→ What this task involves
Set down the data below word for word, and leave the images aside.

*** Opening Records for this task ***

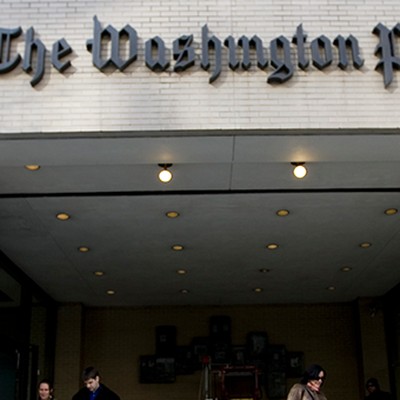 Trump Just Made These Liberal Outlets Look Stupid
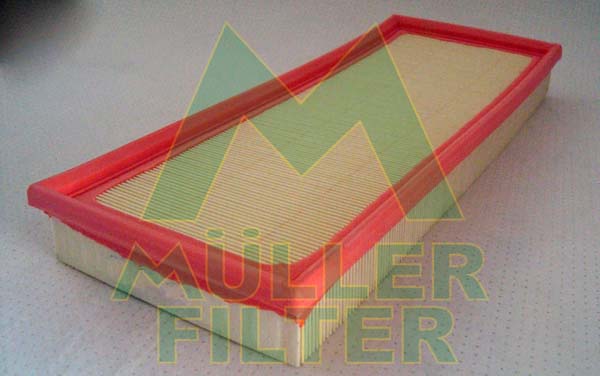 MULLER FILTER PA3160...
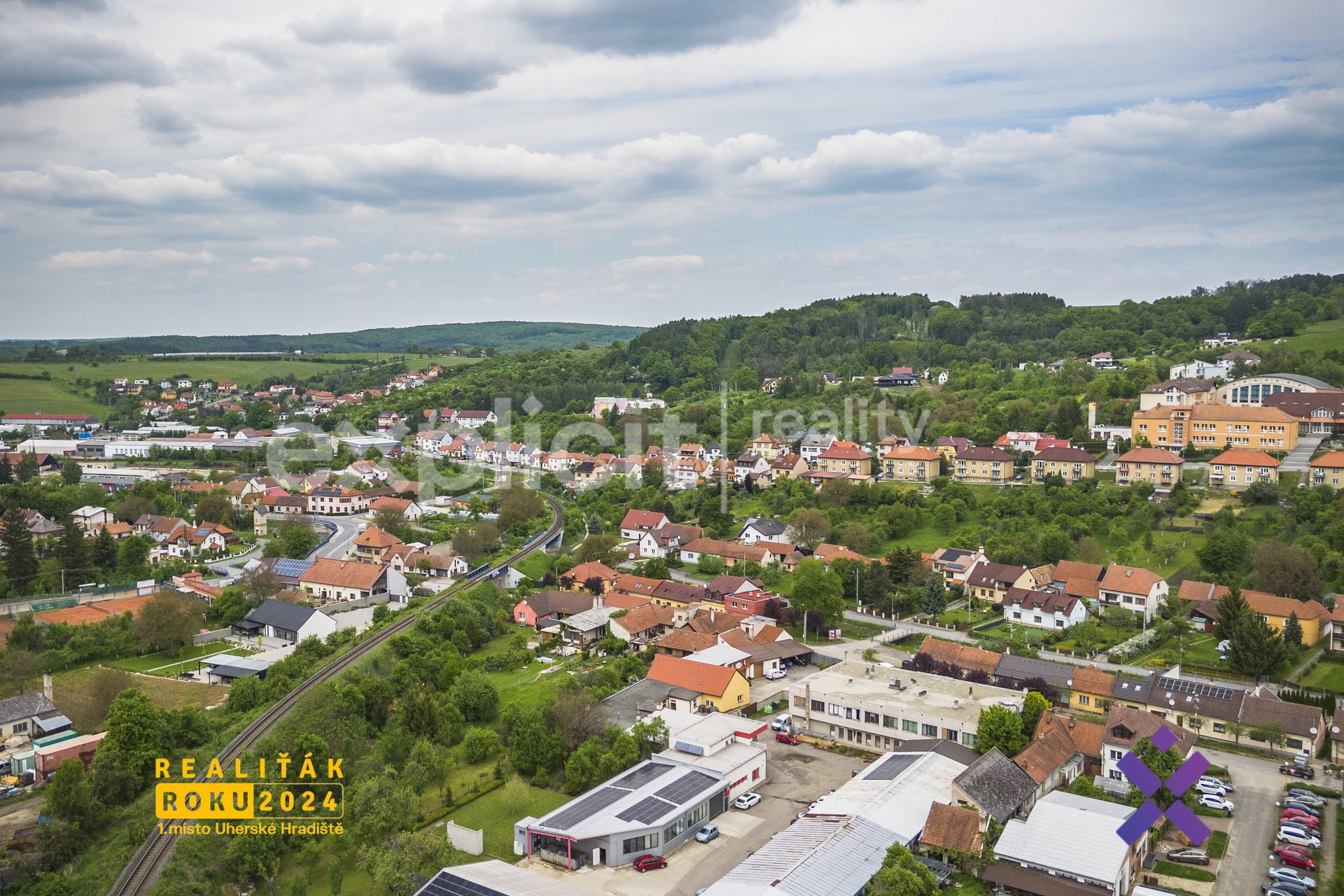 Prodej byt 3+1, 77 m² – Bojkovice, okres Uherske Hradiste29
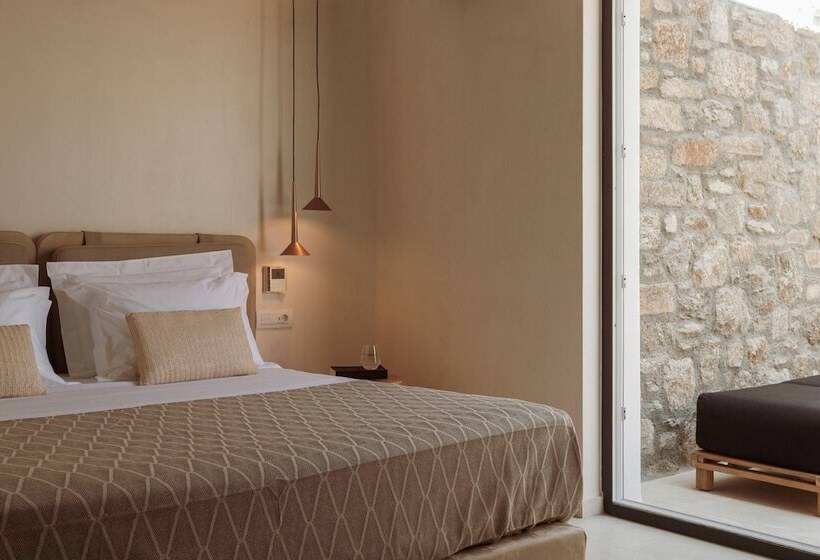 סוויטת 2 חדרי שינה, Asty Mykonos Hotel & Spa   World Of One Hotel Group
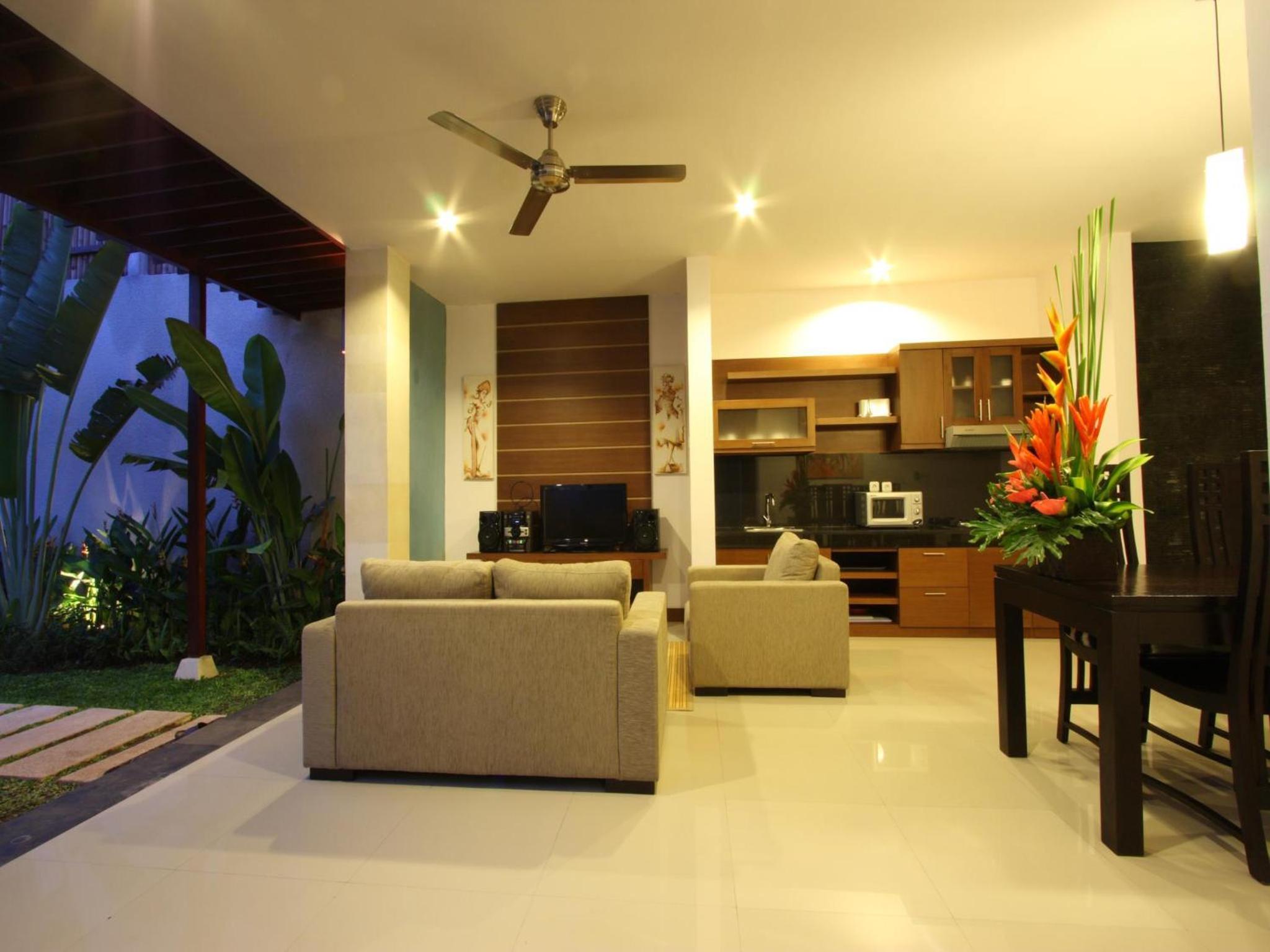 Grania Bali Villas
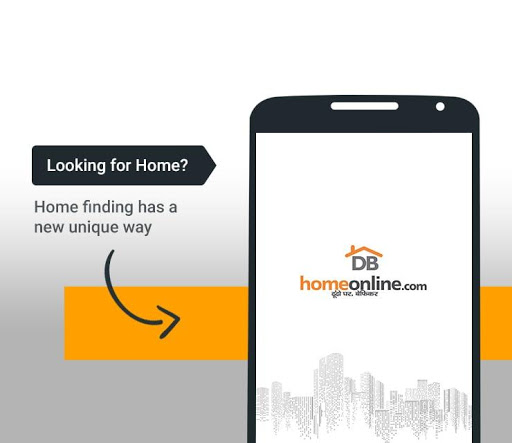 Homeonline - Property Search & Real Estate App Скриншот 0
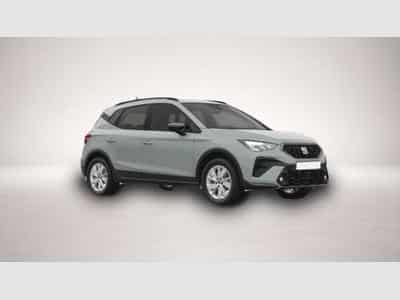 Seat Arona (2026) - Photo 1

*** Closing Records for this task ***

→ Reply to the exercise
 Trump Just Made These Liberal Outlets Look Stupid
 MULLER FILTER PA3160...
 Prodej byt 3+1, 77 m² – Bojkovice, okres Uherske Hradiste29
 סוויטת 2 חדרי שינה, Asty Mykonos Hotel & Spa   World Of One Hotel Group
 Grania Bali Villas
 Homeonline - Property Search & Real Estate App Скриншот 0
 Seat Arona (2026) - Photo 1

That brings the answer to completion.